United University Professions President Phil Smith delivered a sharp rebuttal Friday to SUNY Chancellor Nancy Zimpher's assertion that generous raises to three senior staffers were necessary, even in the middle of the worst funding crisis in SUNY history.
"The question is, is it appropriate for SUNY officials to receive large salary increases when so many others have been laid off? We say No," Smith told the state Senate Higher Education Committee, which called a hearing Friday to grill Zimpher about the raises. "SUNY has about a half-billion in reserve capital funds. We cannot understand why SUNY is not using its reserves to remedy this crisis," Smith said. The state has cut SUNY's operating aid by $562 million in the last two years.
Earlier this month, the SUNY Board of Trustees approved the raises of $30,000 each for three senior administrators, two of whom also receive monthly housing allowances in the amounts of $5,000 and $3,250. The Legislature cannot reverse the board's action.

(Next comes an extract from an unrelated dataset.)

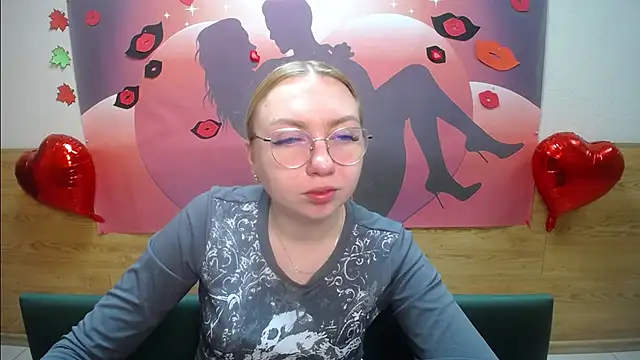 BeatriceFly online show from October 4, 5:49 am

Zimpher told the committee that she and her top assistant - SUNY Senior Vice Chancellor and Chief Operating Officer Monica Rimai - had decided to forfeit their monthly housing allowances, and that the money freed up by that action was used to fund the raises for the other three administrators.
Sen. Toby Ann Stavisky, a New York City Democrat who chairs the Higher Education Committee, told Smith that when she asked Zimpher about using the reserves to fill some of the funding cuts, Zimpher had responded that she was under the impression that the reserves were a "rainy day fund."
"I indicated that it was raining," Stavisky recounted.